The Rebbe tried to find a pintele, a small point which would open up the bachur’s ears, whether it was how important it was for their future, what the beauty of being a talmid chacham is, what it means to be an oved Hashem, lehisaneig al Hashem, kirvas Elokim li tov … He stressed to notify a bachur what he is missing if he does not learn.
The Rebbe got much credit for building a yeshivah and then largely giving it over to the hanhalah to run. What was his yachas to the hanhalah, and what was unique about his role in the yeshivah’s leadership?
The Rebbe let us know what he would like to see coming out of the yeshivah, but in the day-to-day running of the yeshivah he let us know we were trusted. His usual statement was, “Asei k’chachmascha — do as you think is wise.”

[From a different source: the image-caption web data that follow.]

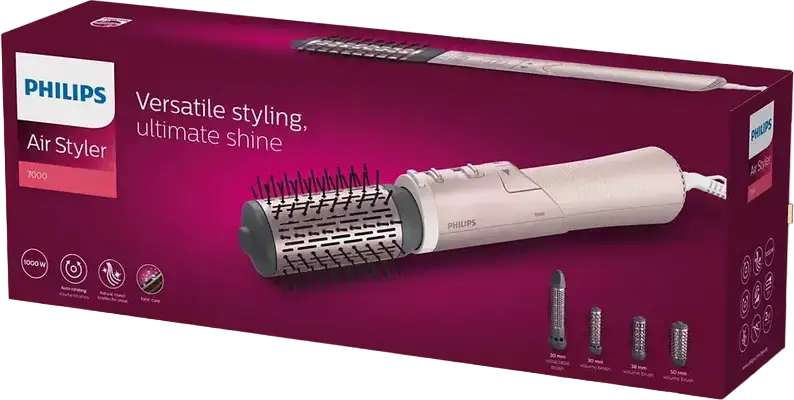 Perie Termica Philips BHA735/00 Series 7000 Air Styler, 1000W Ceramica cu Turmalina si Ionizare, Set 3 Perii Rotative (30mm, 38mm, 50mm), Roz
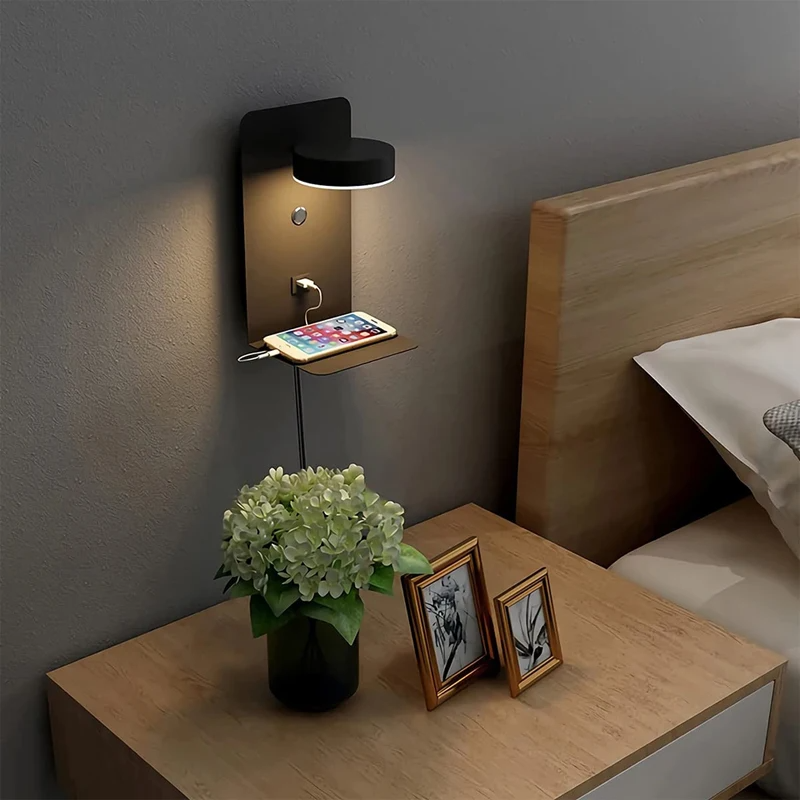 Modern LED Wall Lamp with USB Charging Port, Switch, Indoor Bedroom Living Room Wall Sconce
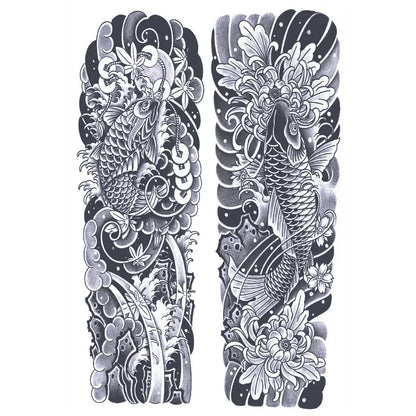 2 Sheets Fish Wave Sea Semi Permanent Sleeve Tattoos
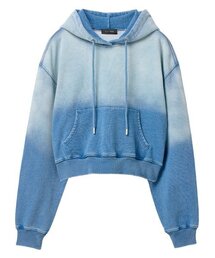 ALYSS（アリス）の「Reverse Washed Cropped Denim Hooded Sweatshirt [Light Blue]（パーカー）」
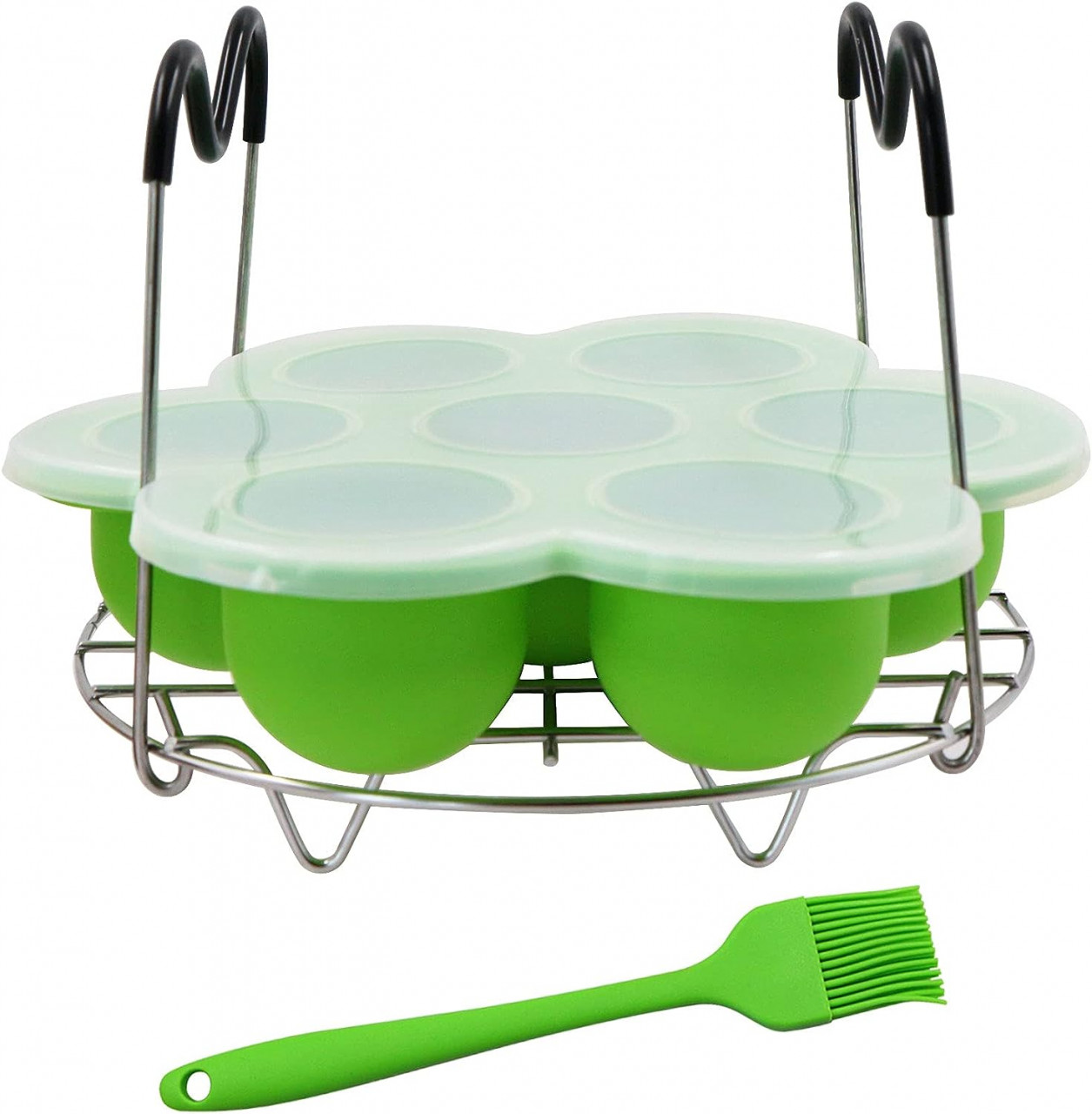 Set de suport si matrita cu perie pentru copt Xtemtoamz, otel inoxidabil/silicon, verde/argintiu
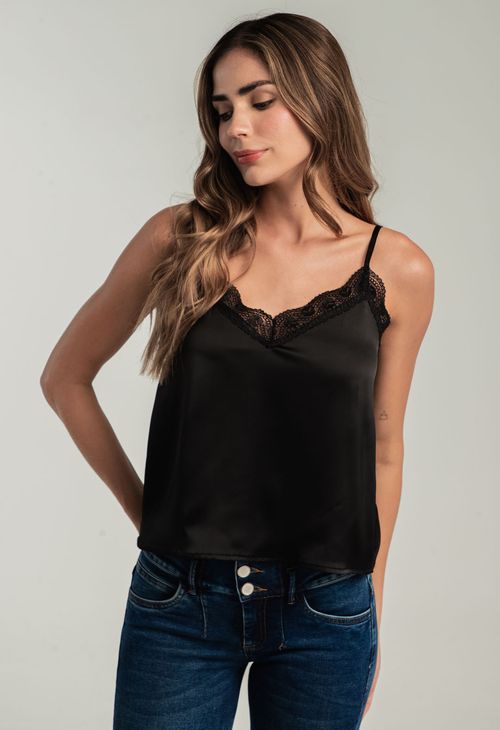 Blusa negra con encaje para mujeres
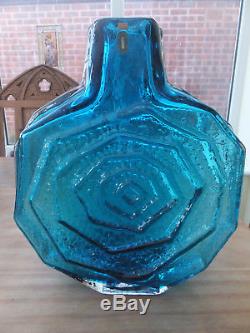 Baxter for Whitefriars Kingfisher Blue Banjo Vase Pat 9681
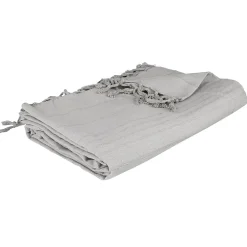 Atmosphera Créateur D'Intérieur Jeté de lit 160x220 gris clair coton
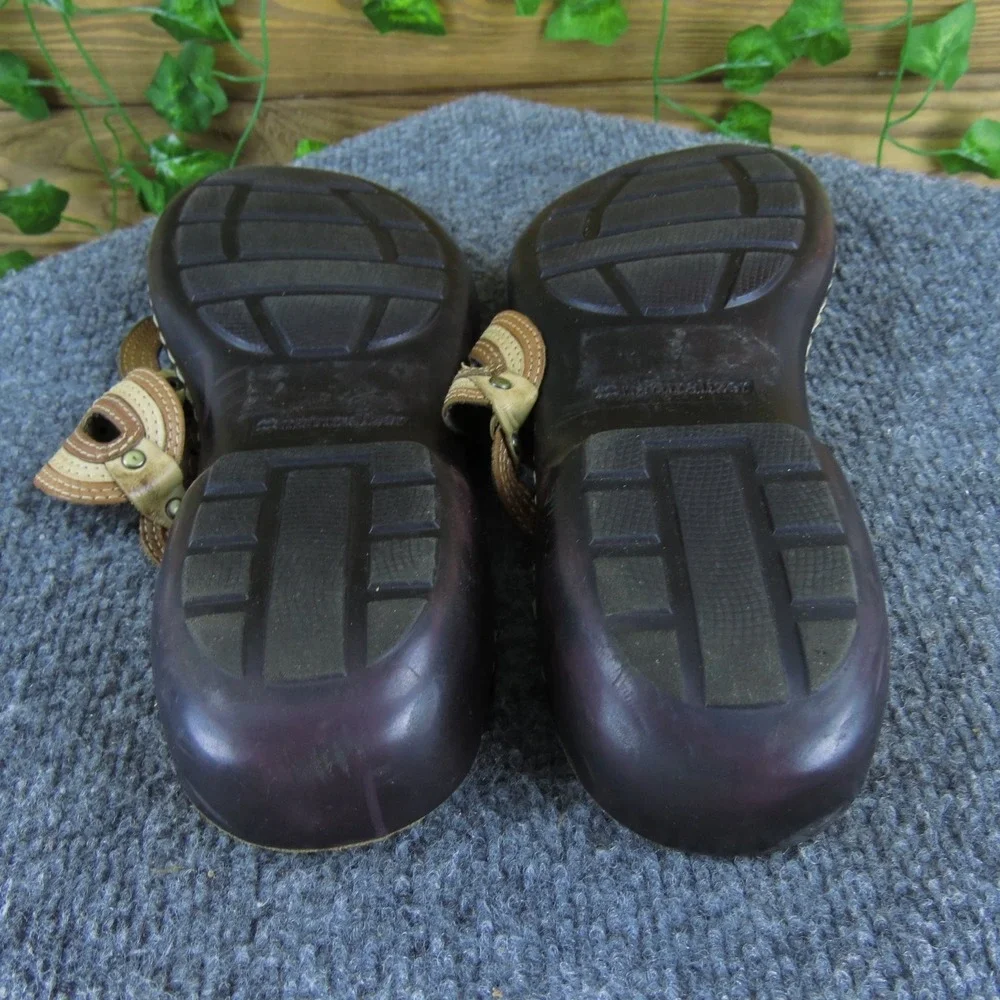 Naturalizer Women's‎ Sandals Brown Leather Wedge Non-Adjustable Straps 9.5 M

The Rebbe did not take anything for himself. He was so happy to see the Rosh Yeshivah, Harav Yosef Mermelstein, shlita, was producing lomdim, and the mesivta was giving out ovdei Hashem. Since the outcome was as he wanted, nothing else mattered.
What were some of the principles that he set for how the yeshivah should be run — for example, derech halimud, seder hayom, approach to dealing with the bachurim, etc.?
In derech halimud he wanted clarity; the bachurim should come out really knowing the sugya.
As far as chinuch, he was extremely warm to the boys, full of ahavah, but if he saw something which he felt had to be fixed, he came out forcefully. If he felt the bachurim were too megushamdig, or if the Shabbos was not running like a Shabbos should be run, he would speak strongly and sharply about it. However, after the drashah, on a personal level, when speaking with the talmidim, he was soft, with a warmhearted demeanor, which allowed his words to be accepted.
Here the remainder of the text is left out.